:: EXERCISE DETAILS ::
The answer is to be the data that follows, transcribed exactly, minus its pictures.

:: RECORDS PROVIDED ::
===
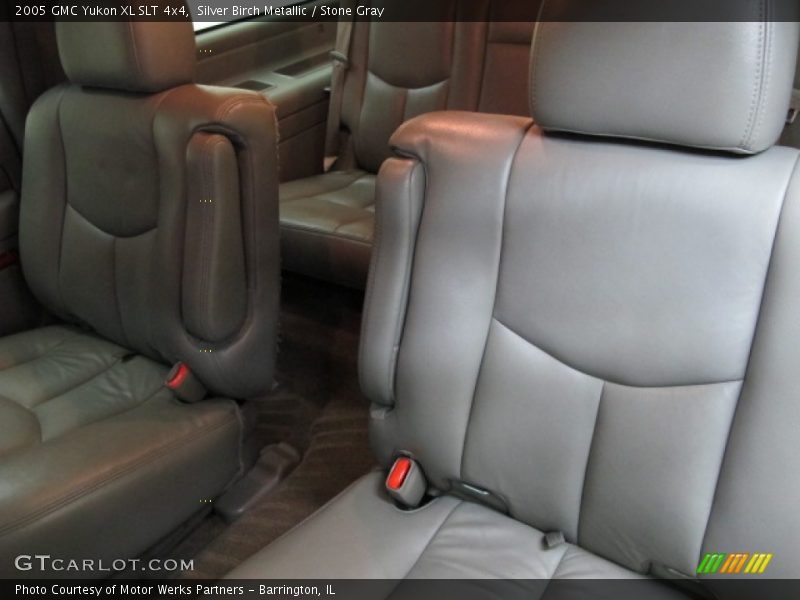 Silver Birch Metallic / Stone Gray 2005 GMC Yukon XL SLT 4x4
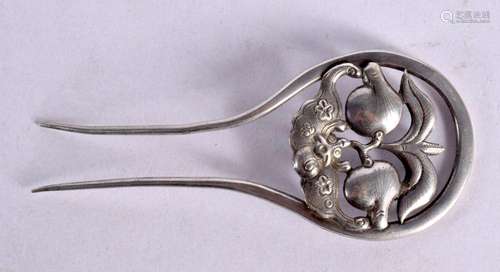 A 19TH CENTURY CHINESE EXPORT SILVER HAIR SLIDE. 13.8 grams....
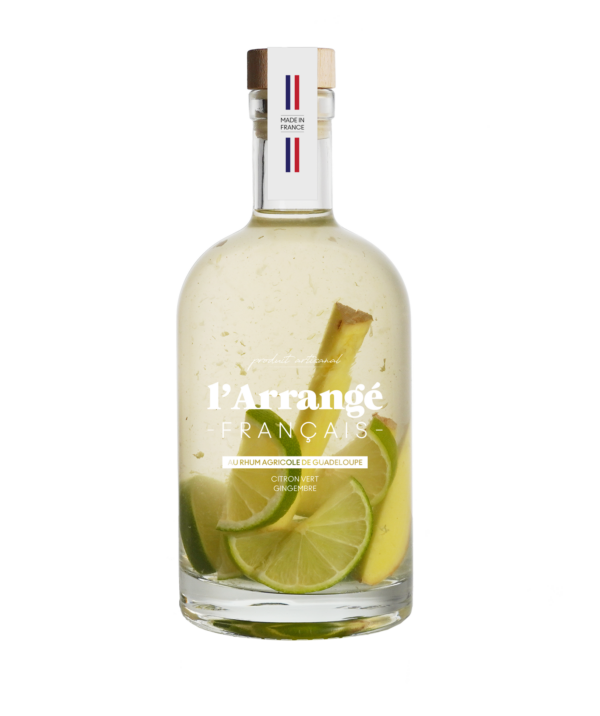 Photo d'une bouteille de rhum, présentée sur un fond blanc. Parfait en accompagnement d'un apéritif.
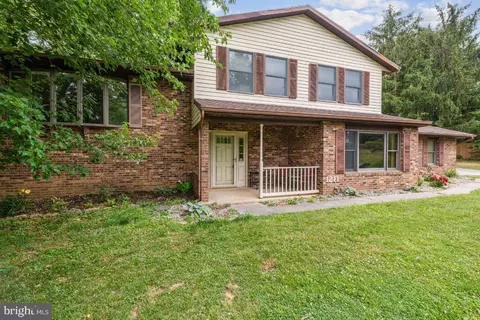 1211 Wynside Ln, Hampstead, MD 21074 photo 3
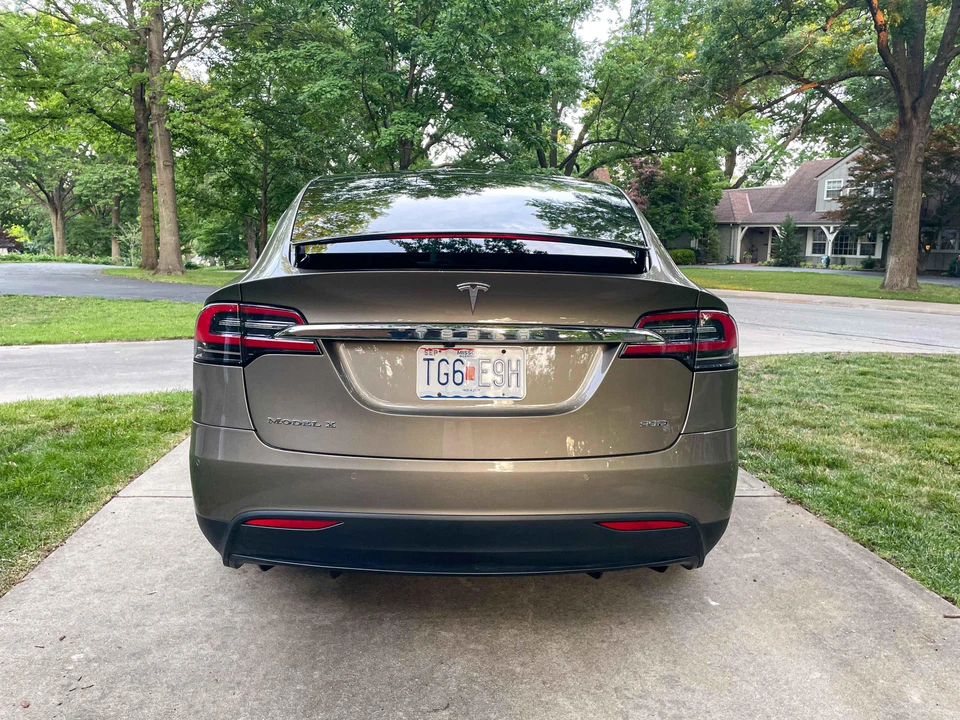 2016 Tesla Model X - Image 29 of 31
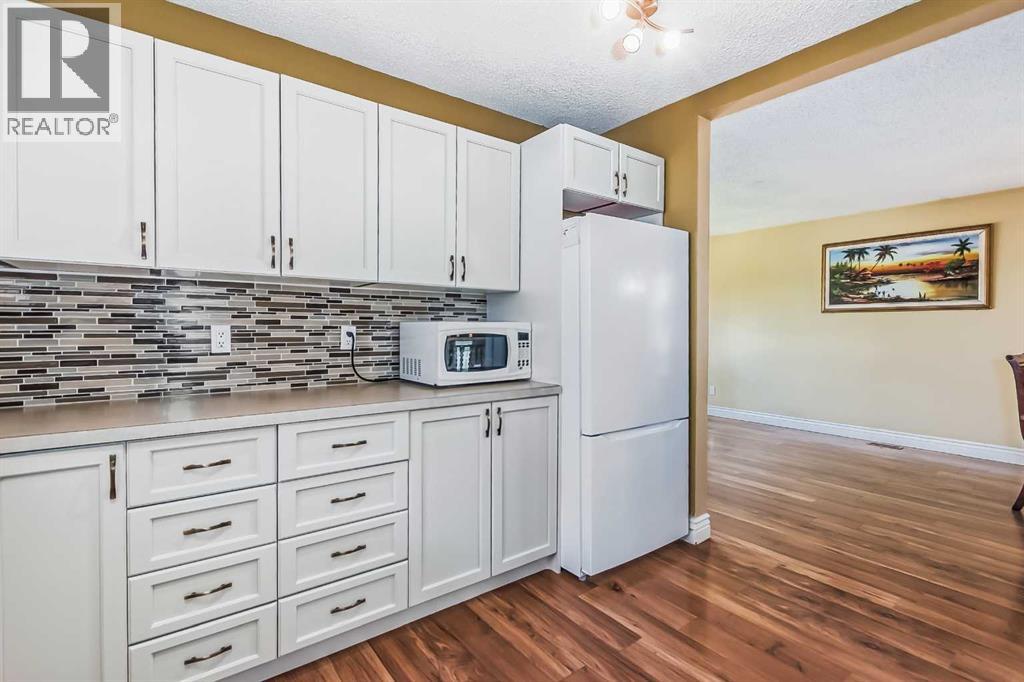 55 Bermuda Close NW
===
:: ANSWER SPACE ::
 Silver Birch Metallic / Stone Gray 2005 GMC Yukon XL SLT 4x4
 A 19TH CENTURY CHINESE EXPORT SILVER HAIR SLIDE. 13.8 grams....
 Photo d'une bouteille de rhum, présentée sur un fond blanc. Parfait en accompagnement d'un apéritif.
 1211 Wynside Ln, Hampstead, MD 21074 photo 3
 2016 Tesla Model X - Image 29 of 31
 55 Bermuda Close NW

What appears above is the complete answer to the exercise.